6 Responses to “Misrepresenting Basic Facts On Settlements”

  1. jjm Says:

    The Post has not only become a neocon graveyard, it has begun to lie on big and small details that do no one, especially their local DC audience of lawmakers and government employees, any good. I’m shocked at how quickly they’ve declined in the few months since the new editor took over. They’ve lost me entirely. I hate it even when a site accidentally links me to their page. Half the time it’s because of a major distortion they’re promoting. Stinks to high heaven.


  2. dprosenthal Says:

    Israel was granted a tiny bit of land (for which they were grateful),were repeatedly attacked and somehow wound up winning a lot more land at the end of each attack. What other nation has ever been told to return territory won in a war? Had the Arabs been victorious, would the world have demanded that the captured land be returned? Maybe we should think about returning parts of America to the French, Spanish, and English–better yet, let’s give it ALL back to its original owners, who we treated much worse than the Palistinians could ever imagine. Unfortunately, peace will still be a long time coming to the Middle East because many Moslems will not be satisfied by anything less than the total annihilation of Israel and Mr. Obama refuses to accept this simple truth.


  3. afisher Says:

    I am all for having the FACTS and then let the debating begin. When individuals can only make their argument valid by distorting the facts, then I quit reading their statements. If this distortion is how they choose to represent themselves, then it is up to the WAPO to decide if it wants to remain relevant or not. After their Salon dust-up, a rational mind would think that WAPO would actually have editors that check these editorials. If they decide to print lies and distortions, then they will have to pay for their decisions.

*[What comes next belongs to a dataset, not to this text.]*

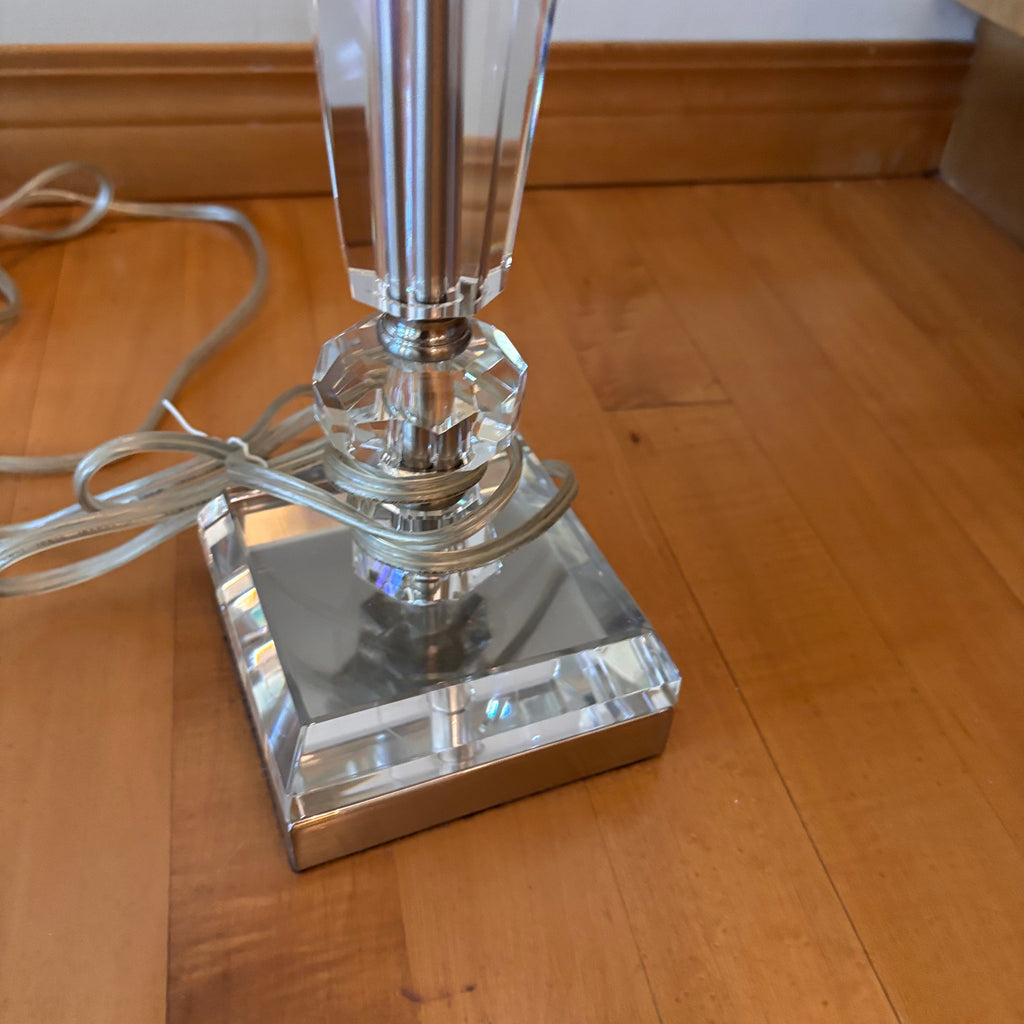 X214 Set of 2 table lamps with glass bases and floral shades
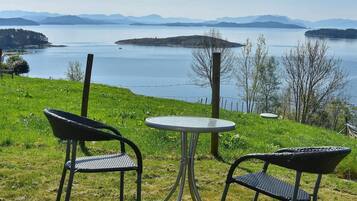 Apartment | Outdoor dining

    The only advantage to having these editorials is that it gives the public the heads up on the GOP Talking Points and makes it easier for non-neocons to focus research before the talking heads start their day.


  4. John Davis Says:

    Actually makes sense to me dude!

    RT
    http://www.real-anonymity.pro.tc


  5. Texas Aggie Says:

    dprosental seems to have an 18th century mindset. Taking land by conquest has been illegal for a very long time, since the UN got underway. If the Arabs had beaten the Israelis, then absolutely yes, they would have had to give the land back. There are rules about how to treat an occupied country that the Israelis have completely flouted with no retribution whatsoever. (The US hasn’t done such a good job of that in Iraq, either.)

    As for his statement that it is the Arabs who are at fault, remember that the Zionist position from the very beginning was that they were going to expand into what are now the occupied territories. And that despite the tight Israeli control on the media, we are now finding out what they’ve been doing from the very beginning. It isn’t that the Israelis have all of a sudden become monsters. They’ve been that way for a long time but the rest of the world hasn’t heard about it.

    Furthermore the Israelis have twice rejected an Arab guarantee of safety for a return to their own land. It seems that it is the Israelis who would rather live in constant warfare, not the Palestinians.


  6. zamia Says:

    I’ve heard word-of-mouth that the situation of the immigrants to Israel is desperate. People are living 4 and 5 to a room. So there is substantial motivation to steal other people’s land and even houses.
    I doubt that the Israel government will change its settlement policies as long as there is a fervent belief in immigration of Jews and a severe lack of housing for newcomers.
    I think that if a reporter went to Israel and dug around, he/she would find a story. A country that insists on immigration and has no place to put them.